Testimony to The Secretary of Education's Commission on the Future of Higher Education

Monday, March 20, 2006

This testimony appears as submitted to the Secretary of Education's Commission on the Future of Higher Education in advance of its Boston field hearing on March 20, 2006. As President Hockfield noted at the hearing itself, "Since the end of World War II, American higher education has increasingly become available to those with the ability and ambition to draw on this valuable resource. At its best, higher education has transformed lives and the nation's economy, and has become the envy of the world. Its success has drawn on the wide diversity of institutions, infused with innovation, and competing fiercely in an open marketplace. The evolution of these institutions and the system in which they operate is far from complete, but as we strive to define their 21st-century versions, let us build on their fundamental strengths."
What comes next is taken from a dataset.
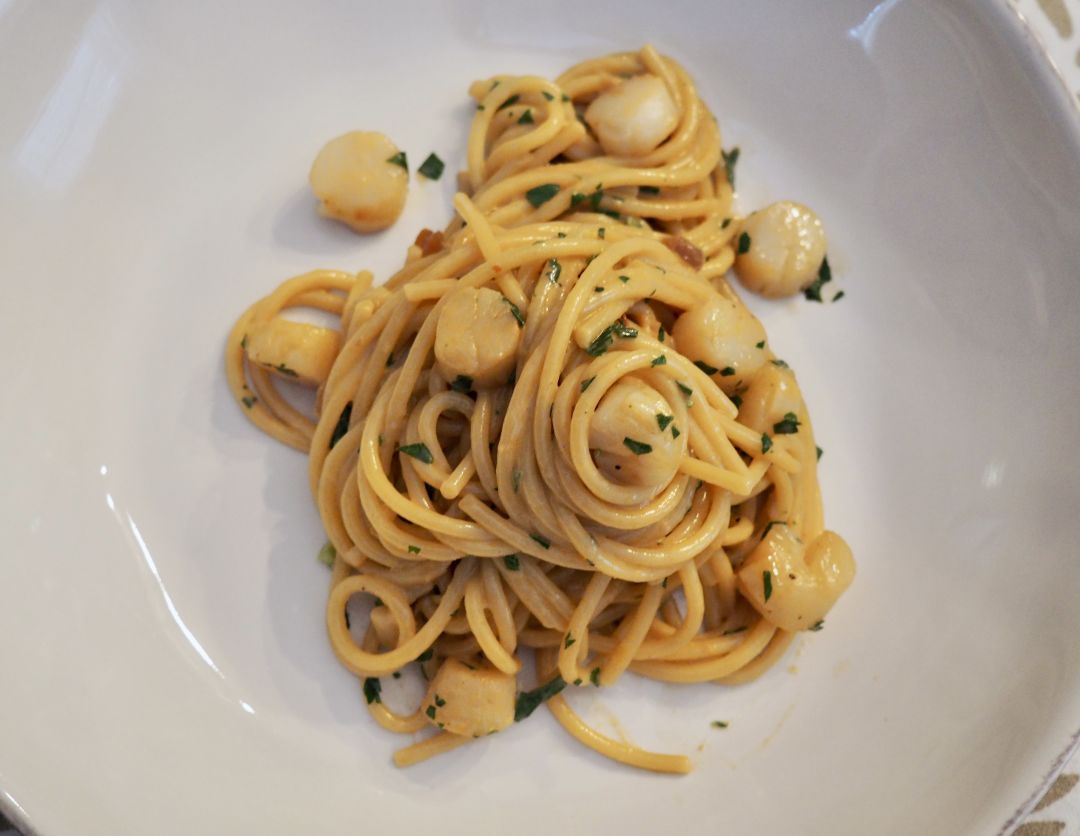 Bay scallops with lemon butter spaghetti.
MIT is defined by its focus on the future, but we are guided by the mission our founding President, William Barton Rogers, articulated nearly 150 years ago: “the advancement and development of science and its application to industry, the arts, agriculture, and commerce.” During the last century and a half, however, the context in which we carry that mission out and the means by which we do so have changed enormously.

The Context for Higher Education: Opportunity and Preparation
As I look at the context for American higher education today, two issues seem central: opportunity and preparation.

Expanding Opportunity
Higher education is now the key route to success in American society, and the basis of our national strength as a knowledge-based economy. Today’s college graduation rates are closely correlated to family income: To sustain our robust democracy and to compete in a global marketplace, we need to send an even higher percentage of our population on to college and graduation. As a nation, we espouse a commitment to expanded educational opportunity, but we must recommit to policies and practices that make higher education accessible to young people from every socioeconomic group.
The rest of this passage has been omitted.